Hallelujah! I’m finally over the flu. I know, I know, I keep whining about it. This will stop soon, I promise. Its just that I’d never gotten the flu before and I ran into two complications: conjunctivitis, i.e. pink eye, and a nasty throat infection that made me cough A LOT. I couldn’t talk for 5 minutes without breaking into a coughing fit. But I’m much better now. :D

stuff catches up with you.

Ack! I caught the flu. This is the first time I’ve had it. I suspect I caught it from the kindergarteners. I’m head-achy, tired, congested, mildly feverish, and my throat hurts. I keep coughing too which doesn’t help the sore throat. What’s weird is that I’ll feel hot and cold at the same time. From now on I’m getting the flu shot.

This is all very funny in a dark way. This morning my pee was fluorescent yellow after taking airborne in the wee hours of the morning and last night.

cat got my tongue

Most of the time, when my depression gets out of hand, I become extremely tongue tied. I stammer. I pause. I become extremely flustered and self conscious. It’s like part of my brain that’s in charge of speech goes partially numb and I end up sounding either stupid or awkward or both. This when I avoid large groups of people and the more obnoxious extroverts.

So enough is enough. I’m finally going to the pharmacy to fill my prescription.

got some ’splainin to do…

When I got home Saturday afternoon I had a little meltdown. I’m not sure what I was upset about exactly other than feeling unhappy with myself in general and mildly self destructive. I was trying to find a new theme for the page and also a new picture, but I wasn’t happy with anything, so I took some rather drastic measures and deleted everything I possibly could. Besides, I was becoming a little too obsessed with it. The weird thing about depression is that it can make you very self-centered– not in a good way.

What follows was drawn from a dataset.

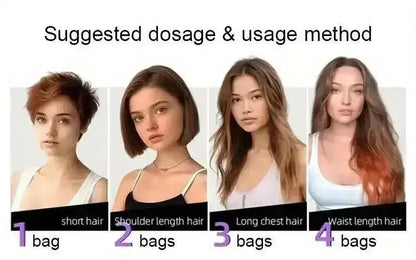 Natural Herbal Hair Color Shampoo – 5-Minute Transformation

You’re not thinking about how great you are. On the contrary, you’re thinking about how inadequate you feel and how you don’t like a lot of things about you. Well, at least that’s my experience. I think I read an article somewhere that supports my experience.

So, here I am. I feel awful about deleting all those comments that people took the time to write. Image I also have to re-invite everyone in the friends list.